1. Resources should be both malleable within organisational boundaries
and subject to a versioning contract based possibly on one or more of
the following conditions:
   # some known aspect of the metadata document, eg dc:version
   # resource identifier which is used to identify the metadata
document eg. lsid:version, NCBI accession numbers
   # Other widely known contract, such as a database version in use
which was used to derive the data
2. The controlling organisation for a resource should be identifiable
in some way from the resource identifier in order to reflect the fact
that organisations control and are responsible for the data they
provide, although the relationship of the given resource to resources
from other organisation need not be as visible due to the fact that
this would cross organisational boundaries
   # This enables a user to decide which organisations to include or
give priority to in their use of information, without specifically
having to retrieve metadata documents in order to determine this
aspect of their query
3. Multiple controlling organisations may have their data and metadata
in a common store resulting in a possible ambiguity between stores and
organisations. Hence, the resource identifier should allow for one or
more of the following:
   # Character based transformations of identifying strings at
resolution time, without changing the meaning or nature of the
original identifier are acceptable as they are under the control of
the user essentially and therefore, the controlling organisation for
the resource is not responsible for their independent decision in this
case.
   # A known resolver service which by some routing mechanism provides
access to a store which contains the resource metadata as a minimum,
although the data may also be accessible through the same resolver
service in a different, possibly local, store
   # Queries may resolve to multiple totally equivalent stores, which
may then also be accessed using local caches in order to make the
distributed knowledge system usable given the demands of interactive
users for reasonably fast access to data
4. Essentially, one always wants to know what they are getting before
they buy it. In other words, one will always want to know what the
characteristics of an item are before they expend resources in order
to gain access to it. Resources, represented in some way by their
identifiers should have associated data which informs a potential
consumer of the nature of the resource. Given that essential economic
principle, a user is more likely to want the default information
retrieved to contain metadata. The default identifier for the
resource, ie, the resource at least containing the metadata, and
possibly data, is what is identified in the metadata of other
resources when referring to the resource.

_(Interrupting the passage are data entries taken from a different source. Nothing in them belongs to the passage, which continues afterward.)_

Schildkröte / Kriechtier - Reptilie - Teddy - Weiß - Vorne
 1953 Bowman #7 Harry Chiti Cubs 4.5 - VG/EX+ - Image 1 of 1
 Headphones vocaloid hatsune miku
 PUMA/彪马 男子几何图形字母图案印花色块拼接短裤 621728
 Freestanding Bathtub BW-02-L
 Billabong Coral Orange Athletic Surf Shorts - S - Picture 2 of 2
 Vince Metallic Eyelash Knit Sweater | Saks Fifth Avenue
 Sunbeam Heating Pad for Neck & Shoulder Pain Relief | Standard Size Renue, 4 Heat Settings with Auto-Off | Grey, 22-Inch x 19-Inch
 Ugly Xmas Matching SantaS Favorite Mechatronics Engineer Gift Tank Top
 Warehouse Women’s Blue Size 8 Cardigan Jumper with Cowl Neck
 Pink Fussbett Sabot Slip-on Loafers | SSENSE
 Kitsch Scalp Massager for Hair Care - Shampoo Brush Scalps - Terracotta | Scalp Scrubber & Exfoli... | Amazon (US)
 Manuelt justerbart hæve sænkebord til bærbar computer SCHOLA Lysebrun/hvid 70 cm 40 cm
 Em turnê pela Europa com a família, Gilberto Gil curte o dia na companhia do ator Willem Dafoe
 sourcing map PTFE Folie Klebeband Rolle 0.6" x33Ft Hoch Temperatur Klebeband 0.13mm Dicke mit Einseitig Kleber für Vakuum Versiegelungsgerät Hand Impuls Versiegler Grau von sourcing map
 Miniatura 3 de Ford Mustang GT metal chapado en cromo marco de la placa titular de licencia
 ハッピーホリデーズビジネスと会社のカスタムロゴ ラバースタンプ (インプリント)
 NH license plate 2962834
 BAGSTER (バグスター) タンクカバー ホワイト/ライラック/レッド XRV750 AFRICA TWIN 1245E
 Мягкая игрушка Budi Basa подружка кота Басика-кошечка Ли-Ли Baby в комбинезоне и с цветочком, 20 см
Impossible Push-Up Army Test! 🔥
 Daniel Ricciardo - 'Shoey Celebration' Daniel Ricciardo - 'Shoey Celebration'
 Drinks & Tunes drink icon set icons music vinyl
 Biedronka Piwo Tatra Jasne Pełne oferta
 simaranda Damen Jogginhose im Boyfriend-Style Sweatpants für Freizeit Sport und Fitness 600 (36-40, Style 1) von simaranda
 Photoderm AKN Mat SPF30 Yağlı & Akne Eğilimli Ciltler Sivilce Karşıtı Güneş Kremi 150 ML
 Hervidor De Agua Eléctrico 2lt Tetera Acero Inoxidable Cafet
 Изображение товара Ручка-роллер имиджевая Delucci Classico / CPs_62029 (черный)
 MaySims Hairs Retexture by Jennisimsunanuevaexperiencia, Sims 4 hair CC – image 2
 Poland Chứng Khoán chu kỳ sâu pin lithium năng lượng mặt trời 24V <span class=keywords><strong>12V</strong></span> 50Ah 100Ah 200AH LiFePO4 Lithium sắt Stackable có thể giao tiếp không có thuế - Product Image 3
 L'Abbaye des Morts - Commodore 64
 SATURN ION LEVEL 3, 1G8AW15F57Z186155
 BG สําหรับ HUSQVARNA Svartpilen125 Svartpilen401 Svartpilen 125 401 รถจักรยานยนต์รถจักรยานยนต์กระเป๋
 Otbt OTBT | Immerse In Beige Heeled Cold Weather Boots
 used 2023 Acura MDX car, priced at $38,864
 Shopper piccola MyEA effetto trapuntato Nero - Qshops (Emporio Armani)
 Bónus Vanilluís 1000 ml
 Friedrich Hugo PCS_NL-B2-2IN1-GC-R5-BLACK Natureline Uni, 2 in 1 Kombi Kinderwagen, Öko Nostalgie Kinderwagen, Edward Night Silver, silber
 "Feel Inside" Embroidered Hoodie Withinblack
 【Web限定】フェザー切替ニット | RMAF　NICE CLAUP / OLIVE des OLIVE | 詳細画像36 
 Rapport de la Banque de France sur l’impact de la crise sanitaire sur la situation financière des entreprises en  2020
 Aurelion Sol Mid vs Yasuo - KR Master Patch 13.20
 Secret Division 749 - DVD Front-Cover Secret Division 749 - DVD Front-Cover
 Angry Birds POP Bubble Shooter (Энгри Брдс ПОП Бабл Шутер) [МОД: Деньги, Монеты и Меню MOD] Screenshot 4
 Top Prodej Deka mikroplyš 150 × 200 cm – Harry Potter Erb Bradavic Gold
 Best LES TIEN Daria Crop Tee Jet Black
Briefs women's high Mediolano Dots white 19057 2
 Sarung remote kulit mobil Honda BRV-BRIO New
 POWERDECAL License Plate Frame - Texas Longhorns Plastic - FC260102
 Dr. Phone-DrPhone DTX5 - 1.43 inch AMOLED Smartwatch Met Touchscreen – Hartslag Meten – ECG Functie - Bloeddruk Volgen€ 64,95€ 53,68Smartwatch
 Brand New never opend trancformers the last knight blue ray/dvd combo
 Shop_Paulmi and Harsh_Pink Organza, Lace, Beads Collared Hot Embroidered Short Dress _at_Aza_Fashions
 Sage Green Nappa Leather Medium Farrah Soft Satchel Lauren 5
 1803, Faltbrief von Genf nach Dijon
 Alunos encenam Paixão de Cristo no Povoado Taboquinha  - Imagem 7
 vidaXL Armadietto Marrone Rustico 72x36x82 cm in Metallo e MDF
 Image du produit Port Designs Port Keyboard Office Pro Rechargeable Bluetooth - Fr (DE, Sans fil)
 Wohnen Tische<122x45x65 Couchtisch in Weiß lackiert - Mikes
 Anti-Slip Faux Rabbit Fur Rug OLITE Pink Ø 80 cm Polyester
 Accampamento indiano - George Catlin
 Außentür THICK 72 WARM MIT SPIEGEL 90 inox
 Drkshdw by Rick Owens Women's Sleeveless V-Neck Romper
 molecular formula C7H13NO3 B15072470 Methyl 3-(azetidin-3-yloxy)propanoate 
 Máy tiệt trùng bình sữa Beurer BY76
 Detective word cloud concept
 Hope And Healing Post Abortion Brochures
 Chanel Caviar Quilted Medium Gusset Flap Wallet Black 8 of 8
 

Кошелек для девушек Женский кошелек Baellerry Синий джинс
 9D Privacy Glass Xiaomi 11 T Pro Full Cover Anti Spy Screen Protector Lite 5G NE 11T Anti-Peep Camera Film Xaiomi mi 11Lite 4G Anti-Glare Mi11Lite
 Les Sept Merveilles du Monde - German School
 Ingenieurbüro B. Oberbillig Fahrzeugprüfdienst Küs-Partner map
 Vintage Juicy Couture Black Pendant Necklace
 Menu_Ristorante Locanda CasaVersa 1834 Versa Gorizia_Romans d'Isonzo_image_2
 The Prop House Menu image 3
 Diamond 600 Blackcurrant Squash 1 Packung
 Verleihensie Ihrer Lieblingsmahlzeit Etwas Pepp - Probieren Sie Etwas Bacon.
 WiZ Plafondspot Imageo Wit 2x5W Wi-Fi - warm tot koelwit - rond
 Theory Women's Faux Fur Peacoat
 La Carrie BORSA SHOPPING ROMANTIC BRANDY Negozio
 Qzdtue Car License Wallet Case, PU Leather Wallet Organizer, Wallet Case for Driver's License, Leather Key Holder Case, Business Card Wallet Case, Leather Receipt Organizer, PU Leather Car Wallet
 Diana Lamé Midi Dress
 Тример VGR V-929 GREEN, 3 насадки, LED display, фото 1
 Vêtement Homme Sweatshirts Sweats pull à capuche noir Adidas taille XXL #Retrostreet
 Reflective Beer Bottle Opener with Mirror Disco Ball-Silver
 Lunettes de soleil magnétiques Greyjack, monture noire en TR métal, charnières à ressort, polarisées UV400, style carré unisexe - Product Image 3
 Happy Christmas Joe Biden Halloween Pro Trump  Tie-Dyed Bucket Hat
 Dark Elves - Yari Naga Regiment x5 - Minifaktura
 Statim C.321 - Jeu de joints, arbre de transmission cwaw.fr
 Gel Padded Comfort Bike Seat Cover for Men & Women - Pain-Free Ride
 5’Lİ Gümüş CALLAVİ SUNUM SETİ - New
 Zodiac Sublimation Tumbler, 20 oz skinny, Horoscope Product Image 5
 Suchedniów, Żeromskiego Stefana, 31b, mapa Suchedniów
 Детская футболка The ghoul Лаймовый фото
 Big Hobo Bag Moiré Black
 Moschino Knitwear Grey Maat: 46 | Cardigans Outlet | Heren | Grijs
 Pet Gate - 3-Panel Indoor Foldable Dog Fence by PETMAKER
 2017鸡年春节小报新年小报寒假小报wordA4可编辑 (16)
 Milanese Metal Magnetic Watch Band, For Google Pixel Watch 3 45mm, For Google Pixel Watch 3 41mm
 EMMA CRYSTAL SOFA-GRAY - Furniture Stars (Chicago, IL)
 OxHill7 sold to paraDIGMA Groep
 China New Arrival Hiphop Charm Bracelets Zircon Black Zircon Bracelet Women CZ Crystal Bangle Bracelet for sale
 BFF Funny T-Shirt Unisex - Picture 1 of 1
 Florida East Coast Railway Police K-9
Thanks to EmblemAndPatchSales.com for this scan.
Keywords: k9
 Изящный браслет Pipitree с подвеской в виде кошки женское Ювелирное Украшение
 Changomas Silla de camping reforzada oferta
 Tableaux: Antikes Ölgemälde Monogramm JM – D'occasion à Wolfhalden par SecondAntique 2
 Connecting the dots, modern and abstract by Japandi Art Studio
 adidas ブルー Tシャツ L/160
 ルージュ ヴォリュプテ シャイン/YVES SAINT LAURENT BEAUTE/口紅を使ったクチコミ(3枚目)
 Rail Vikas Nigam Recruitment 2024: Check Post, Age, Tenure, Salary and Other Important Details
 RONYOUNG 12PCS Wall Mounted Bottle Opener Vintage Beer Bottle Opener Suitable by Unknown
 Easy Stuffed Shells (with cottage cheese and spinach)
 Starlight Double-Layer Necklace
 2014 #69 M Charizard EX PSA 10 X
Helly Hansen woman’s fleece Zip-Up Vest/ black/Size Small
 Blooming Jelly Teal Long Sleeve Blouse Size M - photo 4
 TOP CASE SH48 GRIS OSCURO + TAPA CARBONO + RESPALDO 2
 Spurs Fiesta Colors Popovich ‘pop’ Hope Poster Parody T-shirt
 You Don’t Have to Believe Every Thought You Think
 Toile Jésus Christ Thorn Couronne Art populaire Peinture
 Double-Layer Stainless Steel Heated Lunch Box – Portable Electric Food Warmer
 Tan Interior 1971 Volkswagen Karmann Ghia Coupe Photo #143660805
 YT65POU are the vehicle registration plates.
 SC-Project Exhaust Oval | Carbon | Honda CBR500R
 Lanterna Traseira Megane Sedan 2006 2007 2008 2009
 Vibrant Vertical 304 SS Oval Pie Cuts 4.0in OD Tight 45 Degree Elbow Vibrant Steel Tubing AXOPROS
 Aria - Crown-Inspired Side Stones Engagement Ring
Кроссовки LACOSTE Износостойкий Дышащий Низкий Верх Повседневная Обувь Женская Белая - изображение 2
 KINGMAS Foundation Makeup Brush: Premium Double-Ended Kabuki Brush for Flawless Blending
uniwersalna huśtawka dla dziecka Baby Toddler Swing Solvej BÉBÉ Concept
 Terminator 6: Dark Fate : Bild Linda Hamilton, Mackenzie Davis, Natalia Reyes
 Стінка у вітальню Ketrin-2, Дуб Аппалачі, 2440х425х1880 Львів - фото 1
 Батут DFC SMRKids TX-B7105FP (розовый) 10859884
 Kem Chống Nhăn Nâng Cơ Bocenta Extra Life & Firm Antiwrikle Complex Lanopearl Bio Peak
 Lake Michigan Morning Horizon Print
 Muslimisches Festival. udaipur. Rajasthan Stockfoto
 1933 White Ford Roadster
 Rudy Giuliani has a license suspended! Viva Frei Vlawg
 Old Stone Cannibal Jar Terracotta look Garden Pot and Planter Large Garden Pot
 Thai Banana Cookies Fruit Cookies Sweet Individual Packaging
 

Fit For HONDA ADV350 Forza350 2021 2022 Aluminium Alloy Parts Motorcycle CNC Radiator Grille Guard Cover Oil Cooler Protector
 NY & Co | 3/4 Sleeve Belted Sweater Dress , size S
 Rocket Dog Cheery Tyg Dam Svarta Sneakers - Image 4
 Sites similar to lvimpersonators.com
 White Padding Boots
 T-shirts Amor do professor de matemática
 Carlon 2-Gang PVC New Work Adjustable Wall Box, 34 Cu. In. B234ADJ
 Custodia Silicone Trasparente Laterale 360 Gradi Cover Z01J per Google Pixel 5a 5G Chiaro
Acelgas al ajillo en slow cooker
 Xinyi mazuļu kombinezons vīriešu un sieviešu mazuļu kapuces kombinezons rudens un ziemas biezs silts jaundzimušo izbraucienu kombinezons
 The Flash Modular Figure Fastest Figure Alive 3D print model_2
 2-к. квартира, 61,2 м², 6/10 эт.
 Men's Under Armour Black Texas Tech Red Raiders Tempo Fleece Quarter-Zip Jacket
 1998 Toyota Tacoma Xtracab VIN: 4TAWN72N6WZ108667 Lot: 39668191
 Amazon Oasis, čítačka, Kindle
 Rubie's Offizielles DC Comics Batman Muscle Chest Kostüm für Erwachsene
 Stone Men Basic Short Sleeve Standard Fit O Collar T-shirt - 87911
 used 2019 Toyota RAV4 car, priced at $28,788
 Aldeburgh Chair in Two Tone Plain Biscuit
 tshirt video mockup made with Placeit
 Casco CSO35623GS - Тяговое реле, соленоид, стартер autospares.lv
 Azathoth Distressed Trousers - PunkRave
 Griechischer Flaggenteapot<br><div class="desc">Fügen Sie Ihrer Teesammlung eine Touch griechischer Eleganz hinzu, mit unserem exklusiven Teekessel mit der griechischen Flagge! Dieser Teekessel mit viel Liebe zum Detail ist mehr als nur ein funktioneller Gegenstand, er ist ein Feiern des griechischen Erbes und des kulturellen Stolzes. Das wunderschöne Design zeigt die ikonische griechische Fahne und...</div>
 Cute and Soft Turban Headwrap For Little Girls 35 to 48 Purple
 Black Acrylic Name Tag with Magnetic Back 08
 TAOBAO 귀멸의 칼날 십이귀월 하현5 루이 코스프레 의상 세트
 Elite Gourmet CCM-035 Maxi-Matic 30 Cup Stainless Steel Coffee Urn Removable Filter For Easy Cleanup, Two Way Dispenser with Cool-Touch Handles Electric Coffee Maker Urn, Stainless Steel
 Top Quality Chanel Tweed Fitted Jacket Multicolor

5. The retrieval of a metadata document should not discriminate
between publically available and privately available metadata. If
private metadata is needed, it should be referenced on the public
metadata document through a unique identifier which is not used as the
identifier on other metadata documents to reference the resource.
6. The bits representing the data source for a resource does not need
a publically available URI, although this would encourage reuse and
referencing of resources which are known to be equivalent. Users
should however provide references to the location of the data in the
metadata document, possibly using non-URI like strings which indicate
either a manual process of negotiation for access through a different
mechanism, such as a SOAP web service or snail-mail etc. Knowledge of
a specific access point to a store which contains the original data
may require manual negotiation, ie, data on a GRID based distributed
data store may first require authentication and possibly a
contribution towards the costs of the system.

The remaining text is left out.